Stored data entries
● ● ● ● ●

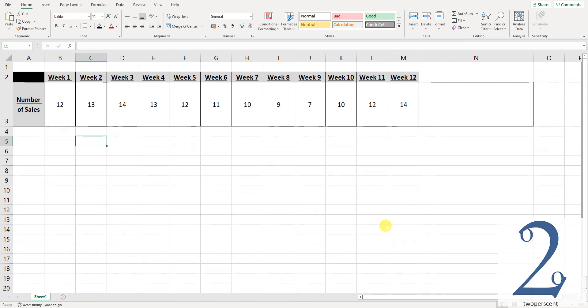Hi everyone, welcome back to the channel. In this video we are going to show you how to insert a bar graph within a cell on Microsoft Excel.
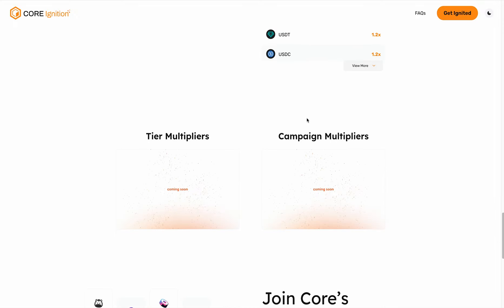We'll be introducing tier multipliers and campaign multipliers down the road. If you're interested in finding more, check out the FAQ in the upper right corner.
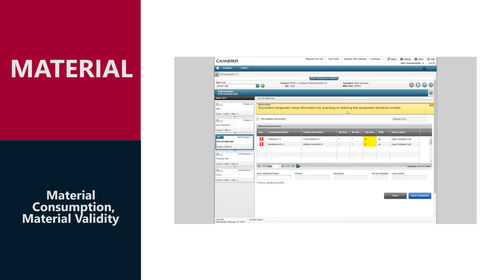CAMSTAR ensures that operators use the right quantity of qualified materials, enforces expiration dates, LIFO, and FIFO rules.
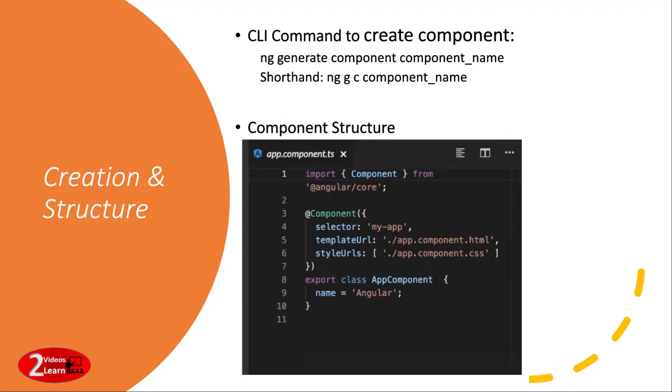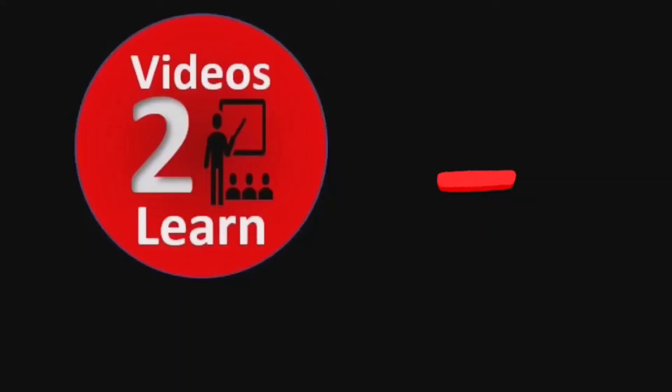So that's it for component. I hope you got an idea about component. Thanks a lot for watching.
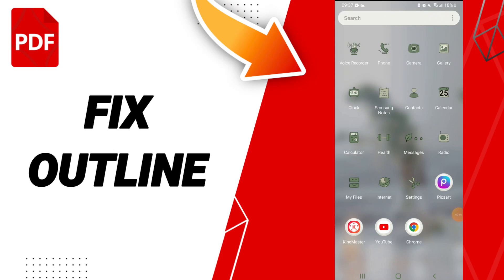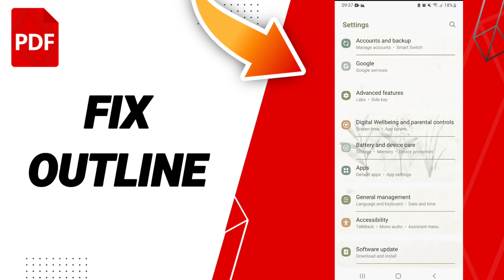Hello guys, today we'll talk about how to fix or solve your PDF reader. To fix or solve your old PDF reader, you should just go to settings. After that, we click on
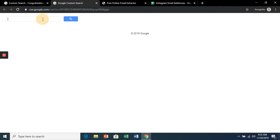Up here, we're going to search a keyword term that will appear in either the bio or the Instagram profile. And we want to grab email addresses, so let's start with something like coffee and Gmail.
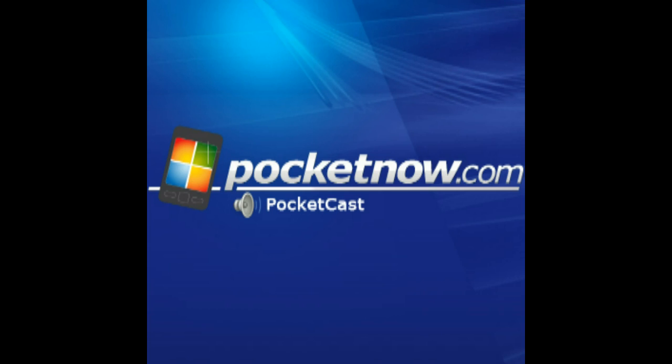Sprint also announced the Nexus S 4G coming this spring at $199. The Nexus S is a very lean Android phone with no UI junk, and to add WiMAX to that is a pretty good proposition. For anyone who's on Sprint, it's going to be a really compelling device.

● ● ● ● ●

Aim of the task =>
One exact copy of the data, no pictures: write it out line for line.

Answer section =>
Hi everyone, welcome back to the channel. In this video we are going to show you how to insert a bar graph within a cell on Microsoft Excel.
We'll be introducing tier multipliers and campaign multipliers down the road. If you're interested in finding more, check out the FAQ in the upper right corner.
CAMSTAR ensures that operators use the right quantity of qualified materials, enforces expiration dates, LIFO, and FIFO rules.
So that's it for component. I hope you got an idea about component. Thanks a lot for watching.
Hello guys, today we'll talk about how to fix or solve your PDF reader. To fix or solve your old PDF reader, you should just go to settings. After that, we click on
Up here, we're going to search a keyword term that will appear in either the bio or the Instagram profile. And we want to grab email addresses, so let's start with something like coffee and Gmail.
Sprint also announced the Nexus S 4G coming this spring at $199. The Nexus S is a very lean Android phone with no UI junk, and to add WiMAX to that is a pretty good proposition. For anyone who's on Sprint, it's going to be a really compelling device.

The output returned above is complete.